Le Président du Faso, le Capitaine Ibrahim Traoré.
Le président du Faso, le capitaine Ibrahim Traoré, s’est entretenu avec la presse nationale et internationale le jeudi 2 avril 2026. À cette occasion, il a porté un regard critique sur la démocratie, déclarant : « Nous ne voulons même pas de ça. »
Par Aminata Sankara
Sur le plan politique, le président du Faso, le Capitaine Ibrahim Traoré, a porté un regard critique sur le modèle démocratique occidental.
« La démocratie telle que ces gens-là nous la font voir, ce n’est pas ça qui nous intéresse. Nous ne voulons même pas de ça », a-t-il affirmé en indiquant que le Burkina Faso suit une autre voie.
Cette voie, selon le Chef de l’État, est fondée sur la révolution. « Nous sommes venus pour changer carrément la manière de fonctionner mais surtout les mentalités », a-t-il insisté.
Dans une telle vision, il explique que les peuples doivent passer par une transformation profonde avant d’atteindre le développement.
Dès lors, « tous les peuples sont passés par une révolution avant d’arriver à la démocratie », a-t-il dit.

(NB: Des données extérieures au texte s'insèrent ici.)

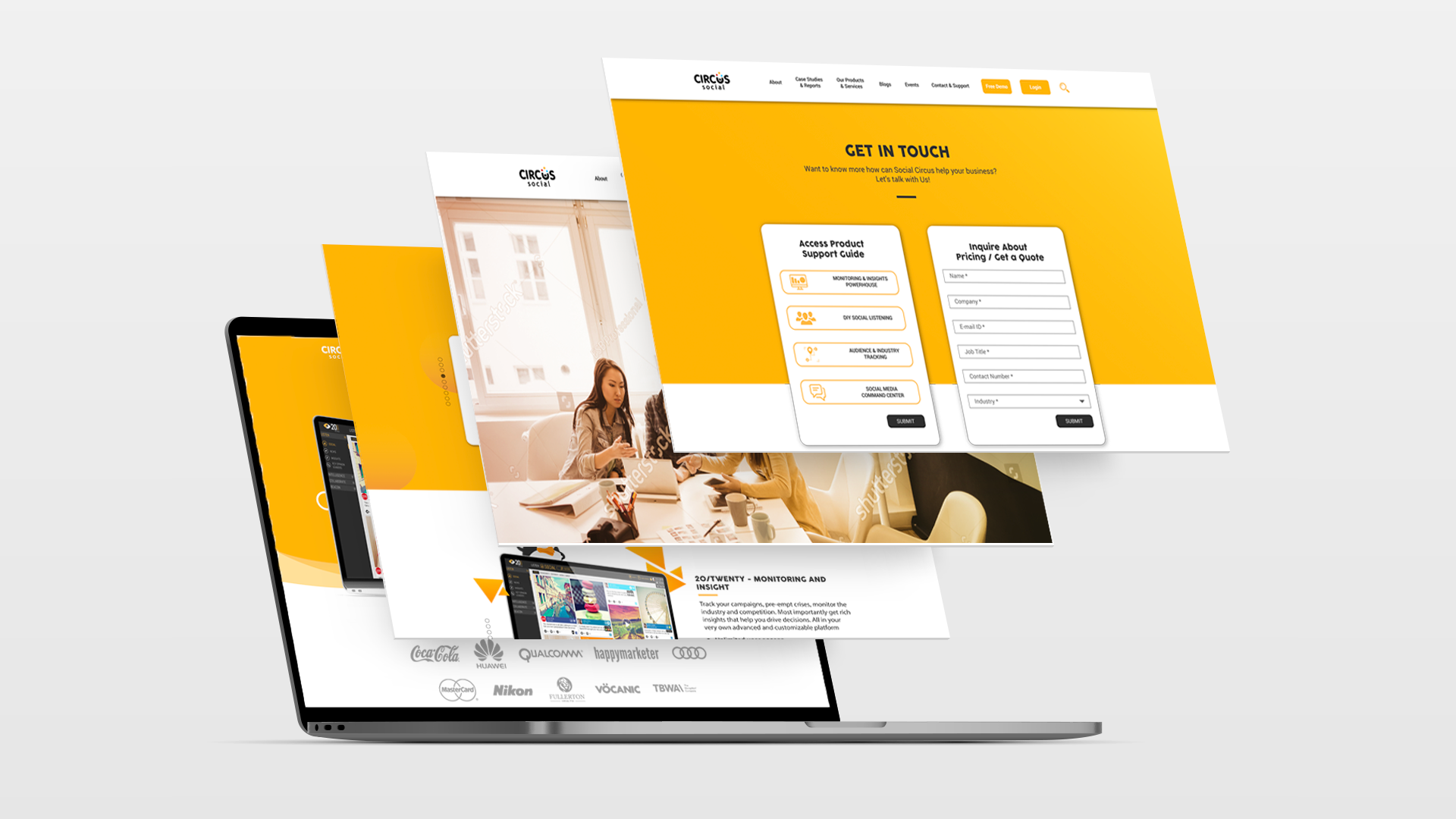 Radarr — Website Design & Development work sample 1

Il se conçoit donc que la dissolution des partis politiques répond à la logique de la nouvelle gouvernance en cours dans le pays. Le Chef de l’État affirme d’ailleurs que «la politique n’a pas fait grand-chose au Burkina. Elle nous a divisés.»
Il accuse donc certains acteurs politiques d’avoir entretenu un système basé sur la corruption et les financements occultes.
Toute chose qui a été à la base des divisions et des pratiques corruptives.